Pictures are to be left out; every line from the one that holds "小说活成前任白月光后，她桃花朵朵开" to the end of the data is to be retyped exactly.
************
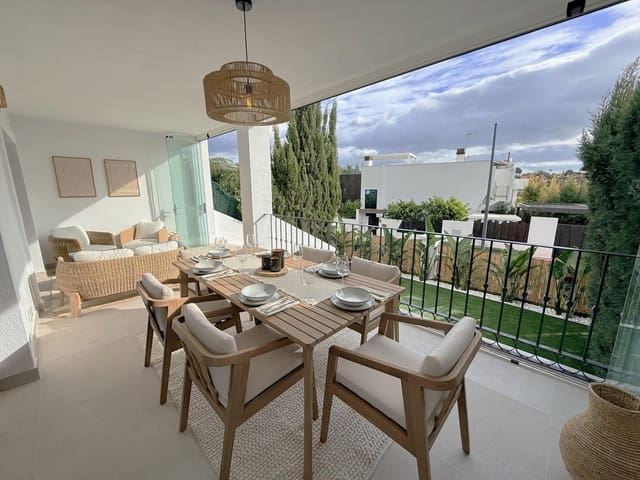 4 sypialnia Dom szeregowy na sprzedaż w Estepona z basenem garażem - 750 000 € (Ref: 9722594)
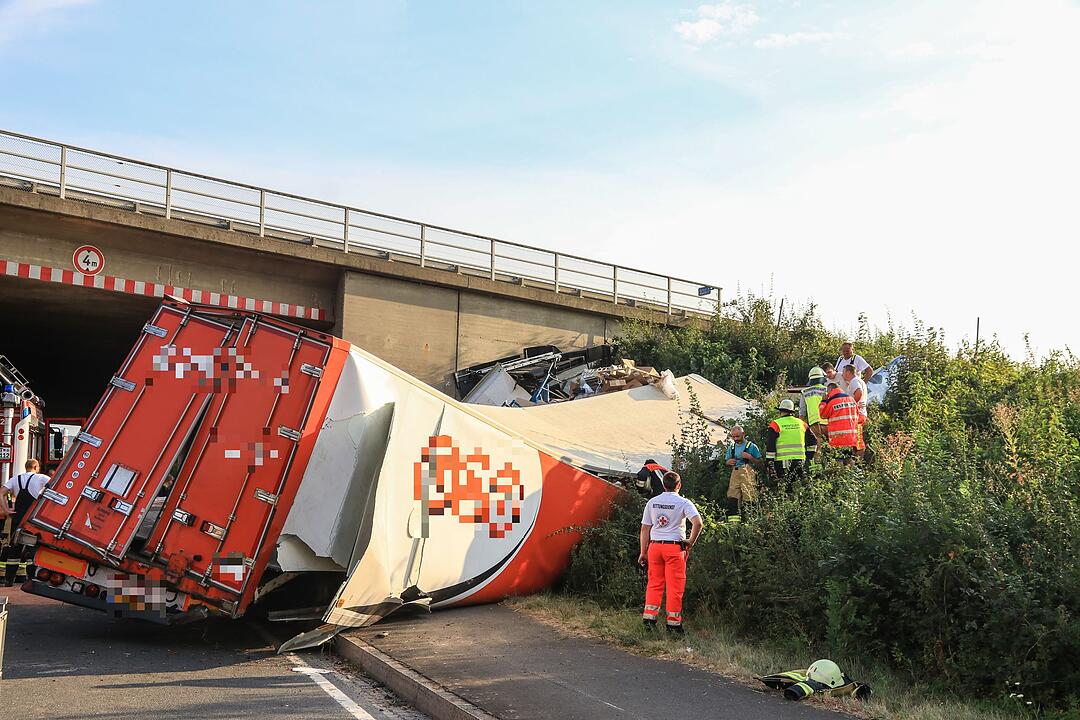 Bei Würzburg: Spektakulärer Sturz auf der A3 – Sattelzug fällt  von Autobahnbrücke auf Staatsstraße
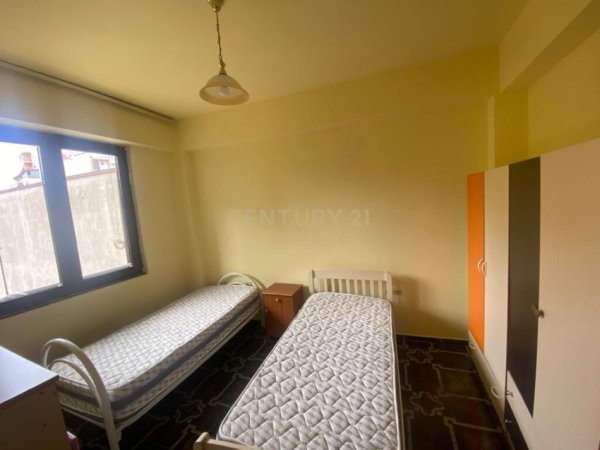 Tirane, jepet me qera apartament 1+1, Kati 2, 107 m² 300 € (Siri Kodra everest92771)
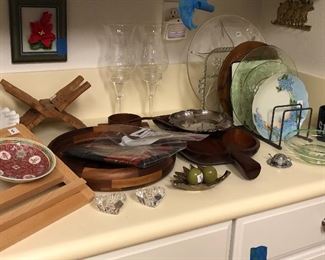 Depression Glass, Vintage Monkey Pod Bowl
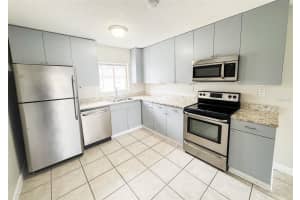 2732 HIDDEN LAKE BOULEVARD, SARASOTA, FL 34237 - MLS#MFRA4675591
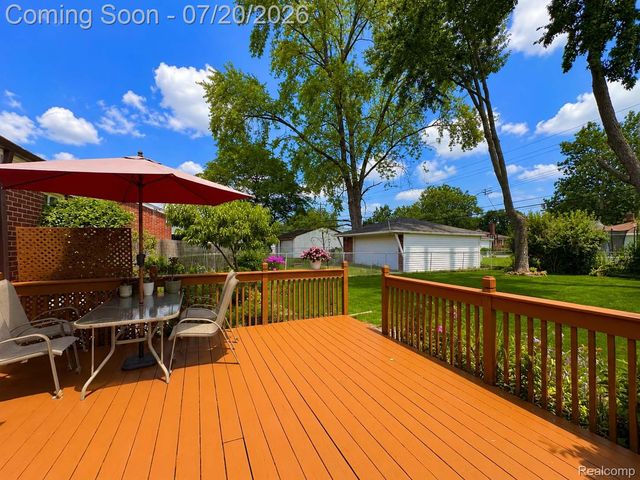9100 Brentwood Street, Livonia, MI 48150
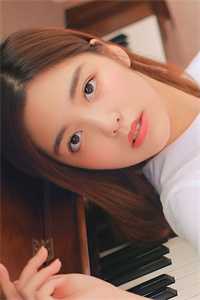小说活成前任白月光后，她桃花朵朵开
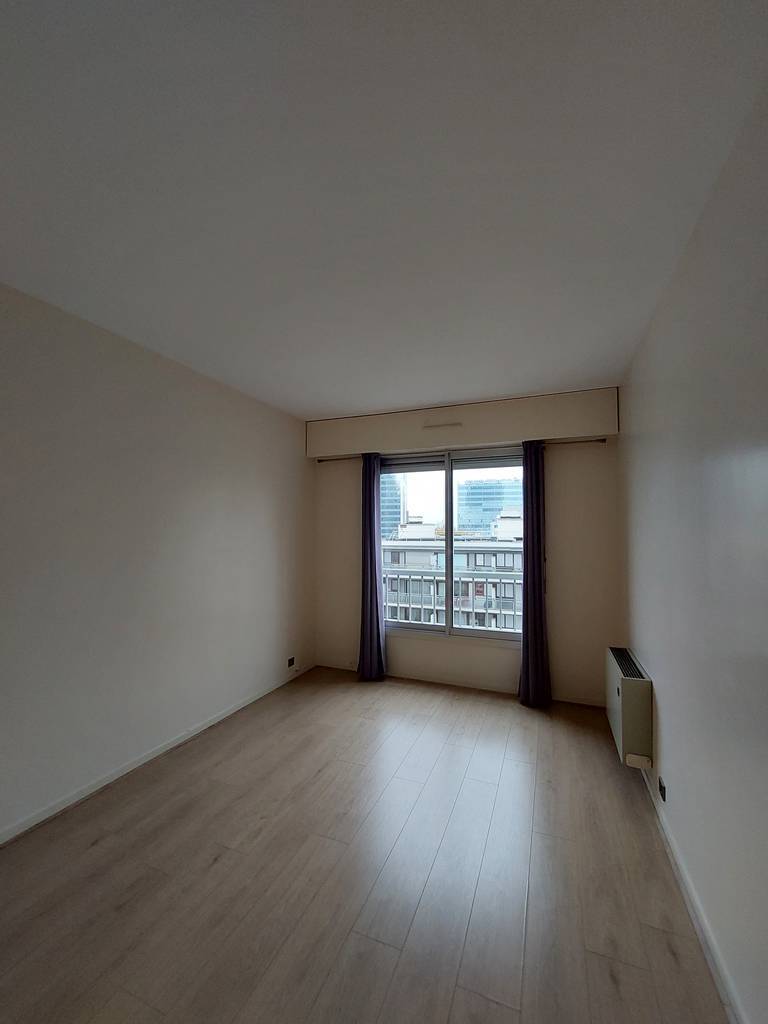 Courbevoie (92400)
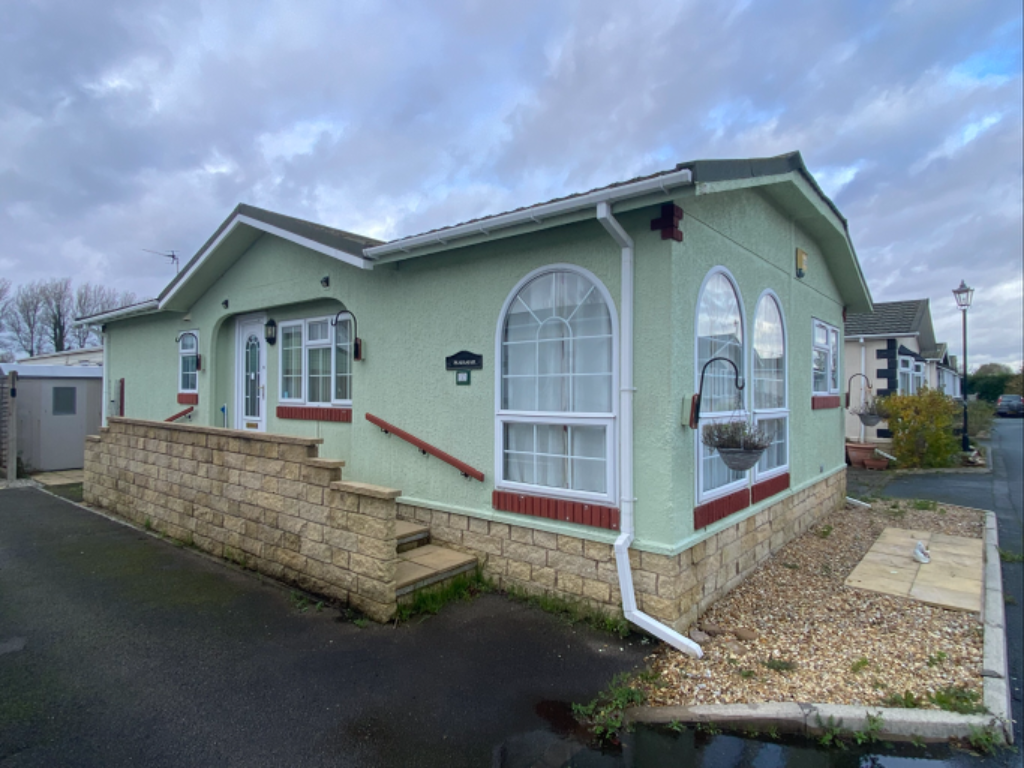 Main image of property: Oxcliffe Road, Morecambe, Lancashire, LA3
************
* Solved problem *
小说活成前任白月光后，她桃花朵朵开
 Courbevoie (92400)
 Main image of property: Oxcliffe Road, Morecambe, Lancashire, LA3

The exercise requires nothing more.